# A question about Nixon in China.



## obwan (Oct 24, 2011)

First what are your takes?

Second, 
Is Pat Nixon the only character to use profanity?
She says (goddamn) in this clip:





3rd, also in the same clip,
that chinese woman comes out in front of the curtains? Why does she do so? Is it to contrast/emphasize the feeling of forlornness that one would feel were they to risk non-conformance communist china?

4th
at the end of the same clip, after the ballet guy wakes up the ballet girl, she comes to her senses, but then he shakes her.... why? The music/clip end at this point.

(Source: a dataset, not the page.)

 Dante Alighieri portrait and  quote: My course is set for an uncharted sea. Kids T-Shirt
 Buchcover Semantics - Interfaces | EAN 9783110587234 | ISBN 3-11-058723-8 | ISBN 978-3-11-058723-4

What I'ld like to say, this is the second time i've listened to clips of nixon in china, the first time i was unimpressed.... but now i find them so mesmerizing and hypnotic. I'm so wishing that I had seen the telecast in 2011.


----------



## tyroneslothrop (Sep 5, 2012)

obwan said:


> I'm so wishing that I had seen the telecast in 2011.


You get a chance to- the Blu-ray disc of the telecast is out next week:
http://www.amazon.com/Nixon-In-China-DVD-Blu-Ray/dp/B009FB3YE4/ref=sr_1_3?s=movies-tv&ie=UTF8&qid=1352251572&sr=1-3&keywords=James+Maddalena

I caught this particular performance last year and it was truly excellent.


----------



## mamascarlatti (Sep 23, 2009)

Meanwhile this channel has it complete in sections: Nixon in China


----------



## tyroneslothrop (Sep 5, 2012)

tyroneslothrop said:


> You get a chance to- the Blu-ray disc of the telecast is out next week:
> http://www.amazon.com/Nixon-In-China-DVD-Blu-Ray/dp/B009FB3YE4/ref=sr_1_3?s=movies-tv&ie=UTF8&qid=1352251572&sr=1-3&keywords=James+Maddalena
> 
> I caught this particular performance last year and it was truly excellent.


On returning to the States from Russia, my pre-ordered copy of this video was waiting for me with the mail. I watched it again and have to say that it bears watching more than once even if you caught the telecast. The choreography is excellent and it is very well sung and produced.


----------



## ZombieBeethoven (Jan 17, 2012)

I couldn't make schedules work out in order to see Nixon in San Francisco earlier this year. I regret that. This opera fascinates me. I like your use of the word "mesmerizing" in this context, Obwan.


----------



## tyroneslothrop (Sep 5, 2012)

mamascarlatti said:


> Meanwhile this channel has it complete in sections: Nixon in China


Or if you are a copyright bot , you can catch this same production on the Met's own system, Met Opera on Demand.


----------